Elle fait valoir que la demande se heurte à l’autorité de la chose jugée au principal puisque l’ordonnance de référé du 16 août 2022 a déjà statué sur cette demande et qu’aucune circonstance nouvelle n’est rapportée. Elle ajoute que la qualité à agir de la demanderesse fait défaut puisque ce n’est pas elle qui a engagé les dépenses dont il est demandé le remboursement.
Elle précise enfin que le rapport définitif n’a pas été rendu par l’expert et qu’il a été mis en exergue un non-respect des prescriptions d’entretien
L’affaire a été mise en délibéré au 8 novembre 2024.
SUR QUOI, NOUS, JUGE DES RÉFÉRÉS,
Sur la recevabilité de la demande :
Aux termes de l’article 488 du code de procédure civile, l'ordonnance de référé n'a pas, au principal, l'autorité de la chose jugée. Elle ne peut être modifiée ou rapportée en référé qu'en cas de circonstances nouvelles.
En l’espèce, par ordonnance du 16 août 2022, le juge des référés du tribunal judiciaire de Marseille a dit n’y avoir lieu à référé s’agissant de la demande de provision formée par la SCI TOUR LM à hauteur de 58 134 €. Il importe peu qu’il ne soit pas fait mention précisément de cette demande dans le dispositif de la décision puisque la formule « disons n’y avoir lieu à référé sur le surplus » s’y réfère.

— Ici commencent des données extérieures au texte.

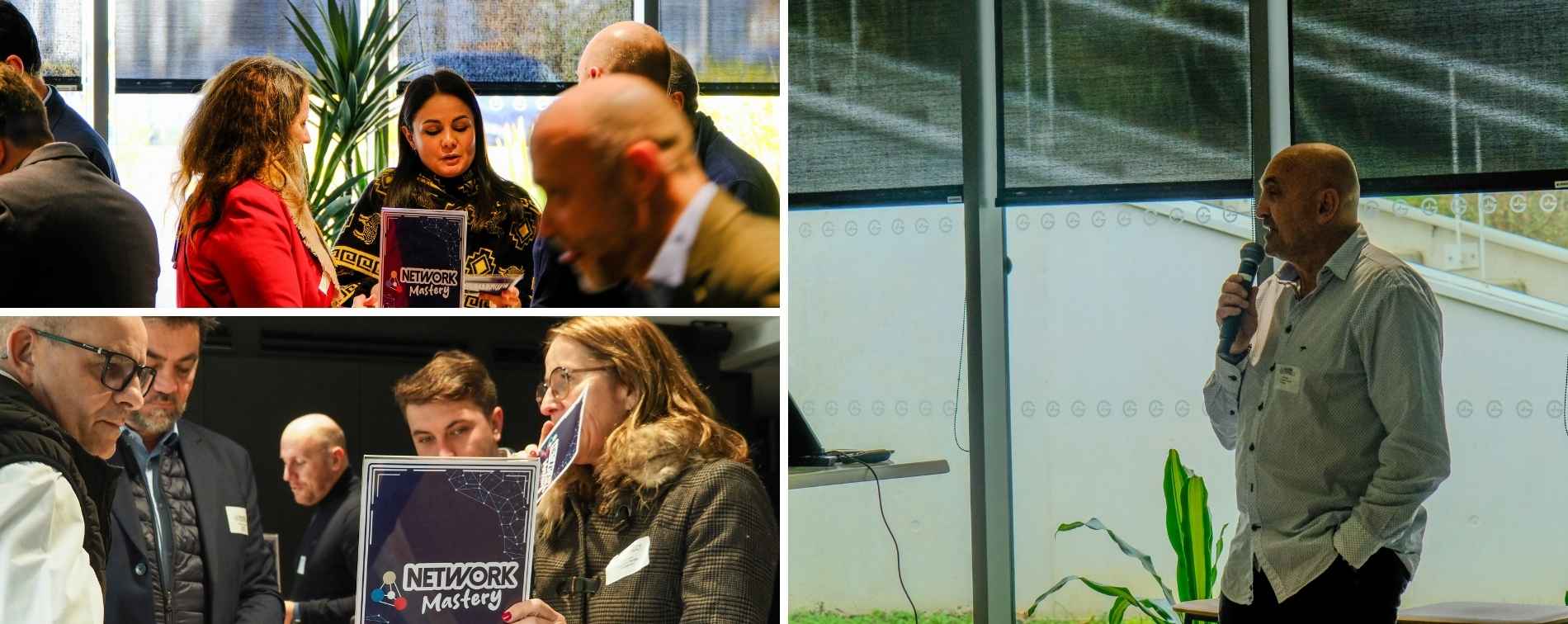 MC 7 page invitation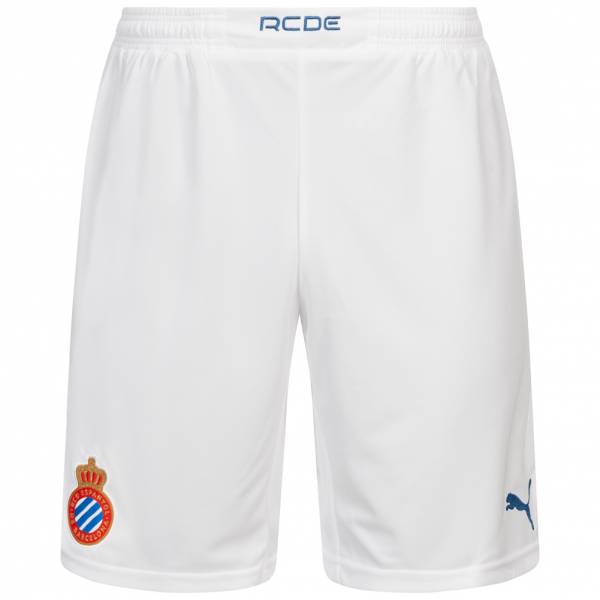 RCD Espanyol Barcelona PUMA Herren Auswärts Shorts 743869-02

Or aucune circonstance nouvelle n’est rapportée par la société OPPCI LA MARSEILLAISE, venant aux droits de la SCI TOUR LM.
Au demandant, il y a lieu de préciser que dans le cadre de la précédente instance, la demande avait été formée par la SCI TOUR LM et la société OPPCI LA MARSEILLAISE était intervenue volontairement. Aujourd’hui, la société OPPCI LA MARSEILLAISE vient aux droits de la SCI TOUR LM et l’identité de parties est donc bien caractérisée.

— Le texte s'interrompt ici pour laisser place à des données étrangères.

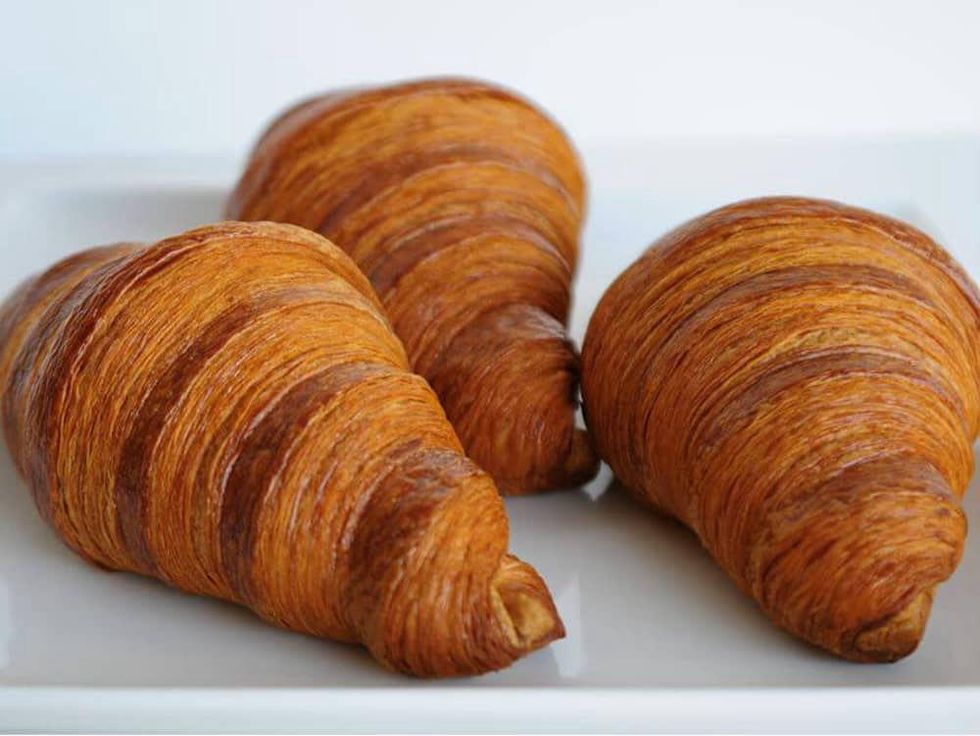 Common Bond croissant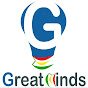 Great Minds Services logo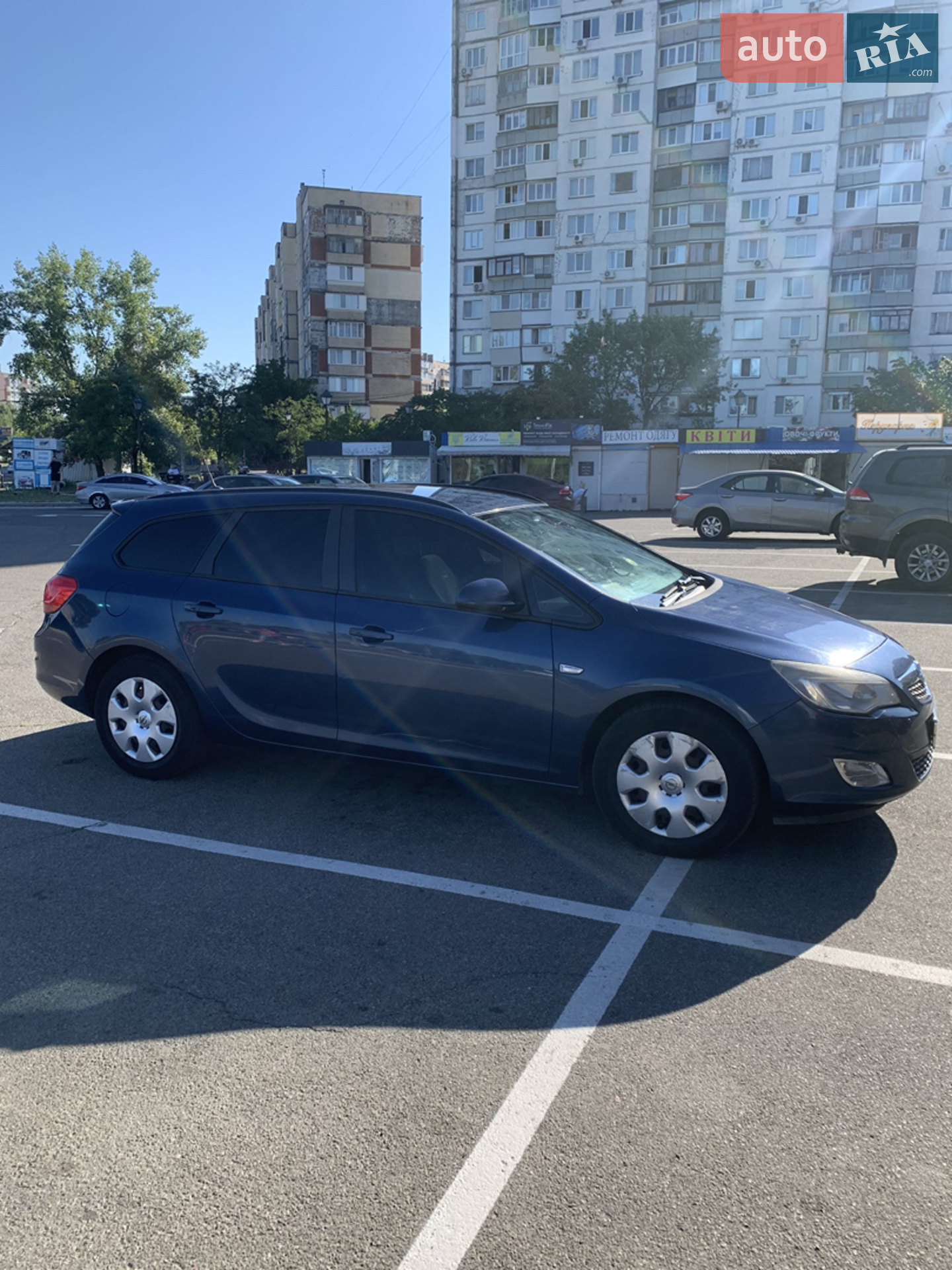 2011 Opel Astra - мініатюра 3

Ainsi, le juge des référés ne saurait méconnaitre l’autorité s’attachant aux ordonnances antérieurement rendues.
La demande doit être déclarée irrecevable.

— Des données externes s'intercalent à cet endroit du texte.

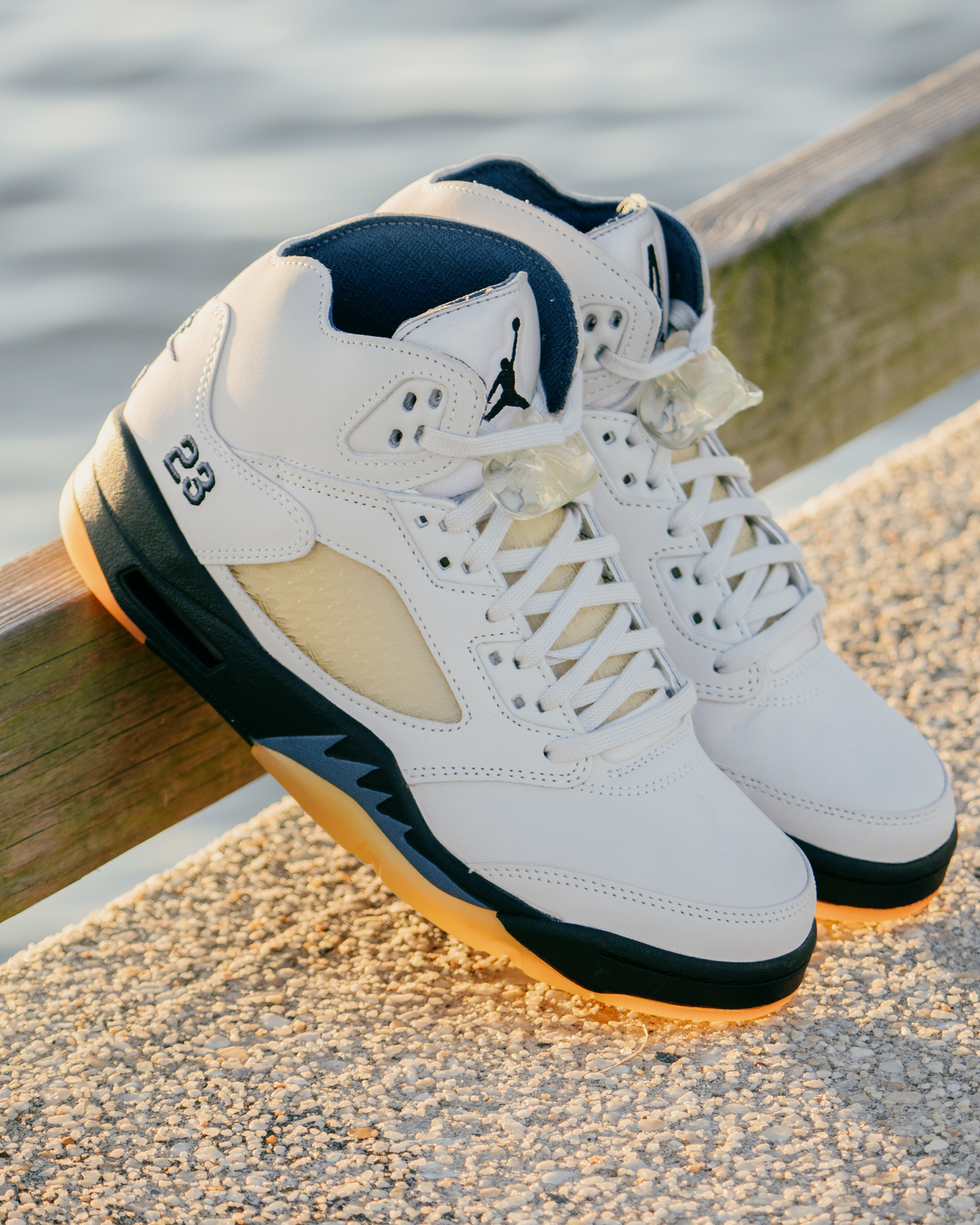 A Ma Maniére×Nike Air Jordan 5 27cm A MA MANIERE x AIR JORDAN 5 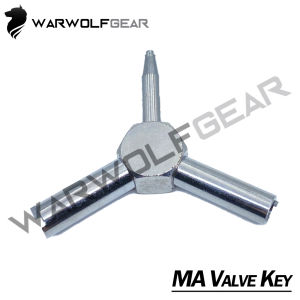 MA Valve Key WARWOLFGEAR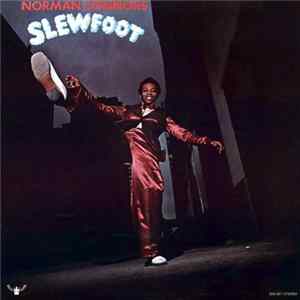 Norman Connors - Slew Foot flac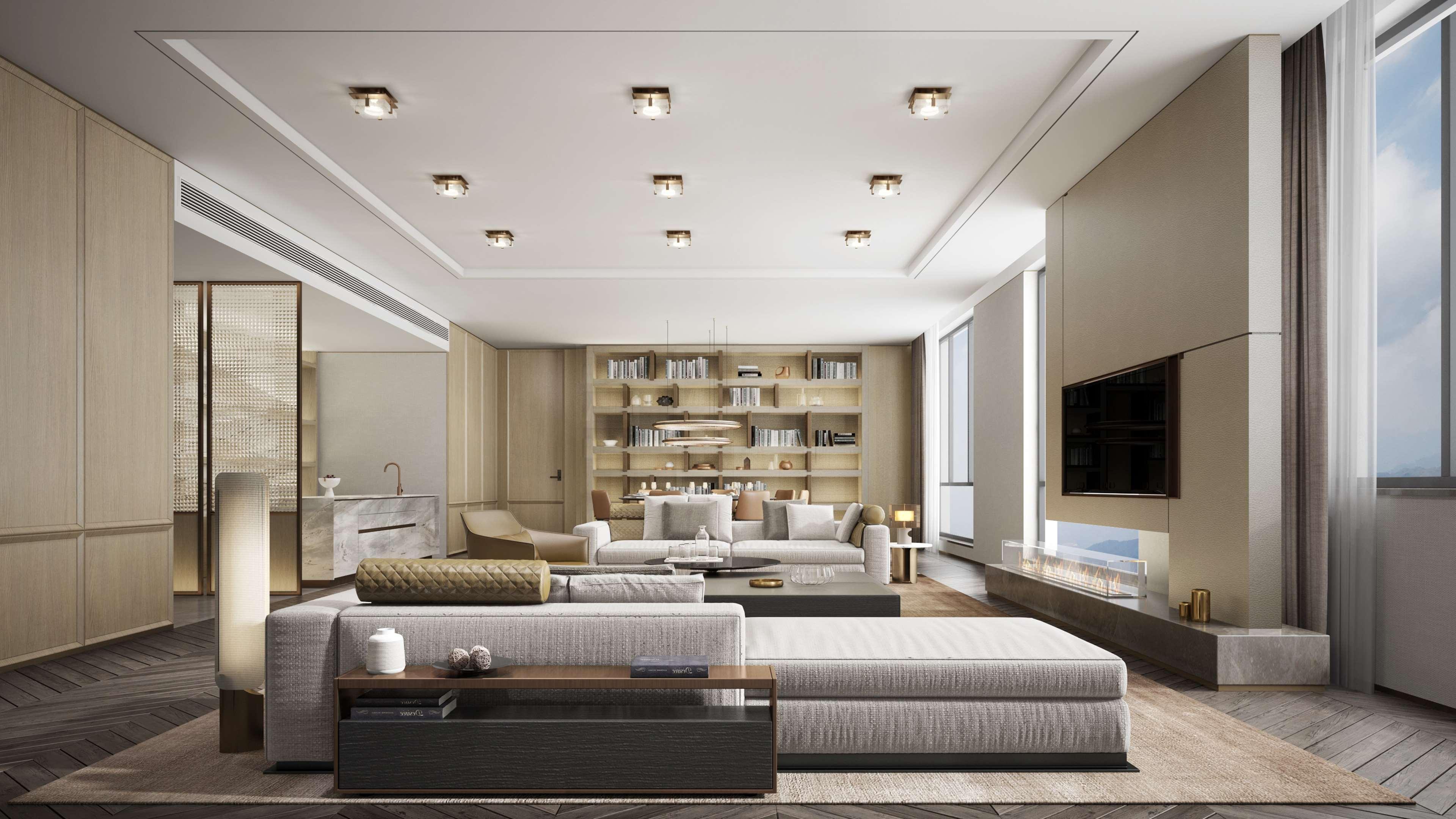 Doubletree By Hilton Beijing Badaling Hotel Yanqing Bagian luar foto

Sur les demandes accessoires
La société OPPCI LA MARSEILLAISE sera condamnée à payer à la SA SMA la somme de 900 € en application de l’article 700 du code de procédure civile.
La société OPPCI LA MARSEILLAISE, qui succombe à l’instance, supportera les dépens de la présente instance en référé.
Il convient de rappeler que la présente ordonnance est, de plein droit, exécutoire par provision.
PAR CES MOTIFS, STATUANT PAR ORDONNANCE PRONONCÉE PAR MISE A DISPOSITION AU GREFFE, CONTRADICTOIRE ET EN PREMIER RESSORT,
Déclarons la demande de la société OPPCI LA MARSEILLAISE irrecevable ;
Condamnons la société OPPCI LA MARSEILLAISE à payer à la SA SMA la somme de 900 € en application de l’article 700 du code de procédure civile ;
Laissons les dépens de l’instance en référé à la charge de la société OPPCI LA MARSEILLAISE.